In a letter to the Mississippi Clarion-Ledger, Sherry Laughlin, the president of the faculty senate at the University of Southern Mississippi, urged the legislature to keep higher education as a top priority for fiscal 2002. If budget cuts prompt a declaration of financial emergency, the consequences will be negative and long lasting, Laughlin wrote. And in an open letter posted on the university’s main Web page, University of Southern Mississippi president Horace W. Fleming calls the present situation the most serious he has seen in thirty years. He writes that the threatened budget cuts would cause elimination of faculty and staff positions, tuition increases, and reductions in instructional support, student services, travel, maintenance, and equipment purchases.
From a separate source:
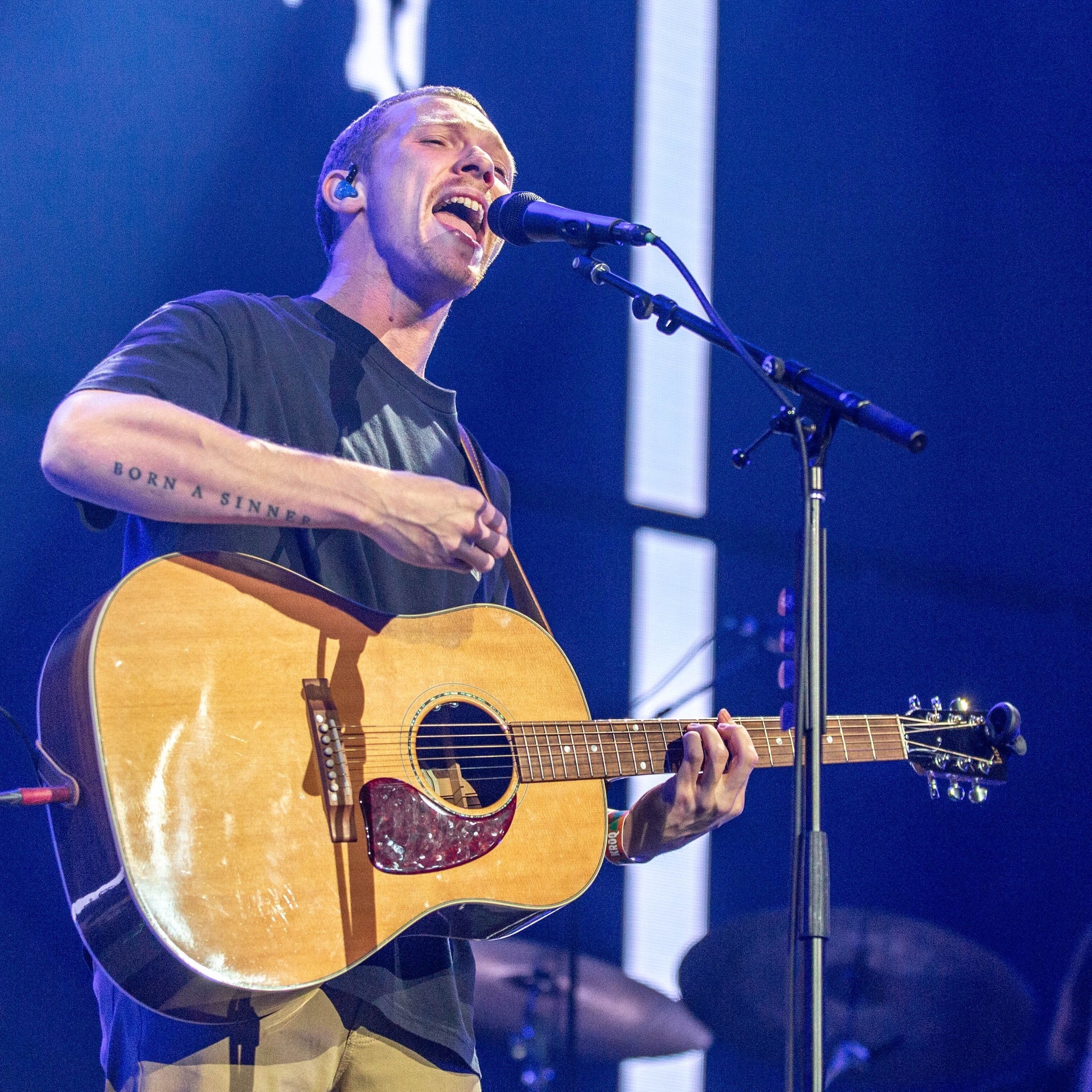 Matt Maeson live (Foto: IMAGO, imago images / ZUMA Wire)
Educators in Alabama and Virginia also face cuts. Alabama governor Don Siegelman announced that he was ordering a 6.2 percent reduction in state spending on public education in the fiscal year that began in October. Virginia governor James Gilmore III warned administrators at that state’s public institutions to expect significant cuts. "This is shocking, devastating news," said Timothy Sullivan, the president of the College of William and Mary, after a meeting in February in which officials from the Gilmore administration outlined proposed reductions for each of Virginia’s seventeen public colleges and universities. The cuts in higher education funding were to balance a favorite project of Gilmore’s, a cut in a tax on cars in the state. Although Gilmore later backed off on some of the proposed reductions, Virginia’s colleges and universities still face the probability of building freezes.

Political maneuvering in both Mississippi and Alabama has pitted higher education and K–12 constituencies against each other over the issue of who will bear the brunt of the cuts. So far, K–12 leaders have been more successful at building public support for their cause. "The Mississippi governor and legislature found the money to fund all K–12 education this year, including a 2 percent salary increase," says Pamela Smith.

The depth of the cuts in higher education have prompted protests from those on college campuses. In March three thousand faculty members, administrators, and students gathered in Montgomery, Alabama, to protest Siegelman’s efforts to focus reductions in education spending on higher education. Also in March several hundred students rallied on the campus of Virginia’s George Mason University to protest a projected $17 million rollback in funds earmarked for new buildings at that institution.

State budget shortfalls took people by surprise, and what will happen next is unclear, says Julie Bell of the National Conference of State Legislatures (NCSL). A report issued by the NCSL at the end of February showed that the fiscal outlook in many states was less positive than it had been just a few months before. According to the NCSL, forty-four states reported revenue collections at or above forecasted levels in December, but only thirty-one could say the same in February. States with revenue shortfalls are concentrated in the South.